An application for consent was received by the Attorney General on the 6th November 2014 and consent was granted on the 1st December 2014.

The plea and case management hearing was on the 23rd January 2015, and MM pleaded guilty to both counts. CW plead guilty to count 1 and not guilty to count 2. On the 13th April 2015, the judge ruled that the indictment and proceedings were null and void because consent had not been obtained in time. The Crown applied for permission to appeal against the judge's ruling.
The issue was whether the Crown was able to rely on section 25 of the Prosecution of Offence Act 1985. This provides that a failure to obtain consent would not prevent the defendant's remand in custody or on bail. On the 15th April 2015 leave to appeal was refused.
The Crown's application for leave to appeal the judge's ruling as to CW and Count 2 was referred by the Registrar.

Held: The application was refused. Section 4 of the 1977 Act explicitly stated that consent had to be obtained before proceedings were commenced and if that did not take place the proceedings were null and void. It was not possible for section 25 to take precedence and effectively override section 4. Section 25 allowed for the lawful arrest, charging and remand in custody or on bail of a person even though consent had not been obtained. Section 25 did not address the problems that were created by a failure to comply with section 4. There were three occasions on which the proceedings could have been, or were, instituted. It was difficult to determine the reason for the Crown's delay in seeking consent.
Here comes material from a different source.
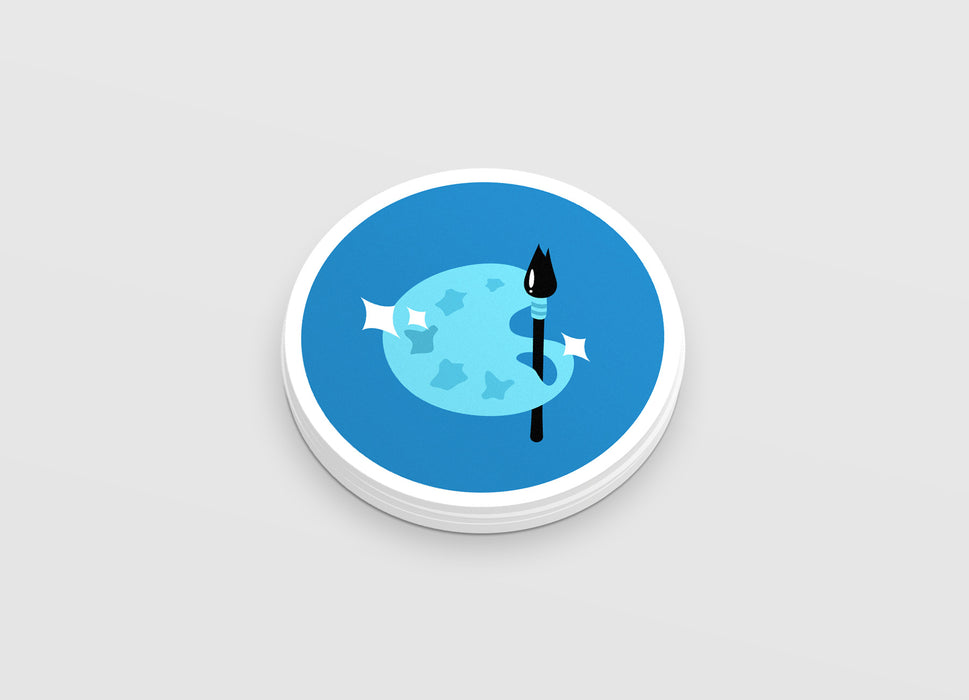 circle vinyl sticker printing san diego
A nationwide early guilty plea scheme (or EGP) was going to be introduced where, in every case, an early guilty plea hearing would take place within 28 days of the defendant being sent for trial. An indictment would have to be served by the time of the early guilty plea hearing or the aims of the scheme would be significantly undermined. They would also be undermined if a preliminary hearing could be held before consent was obtained.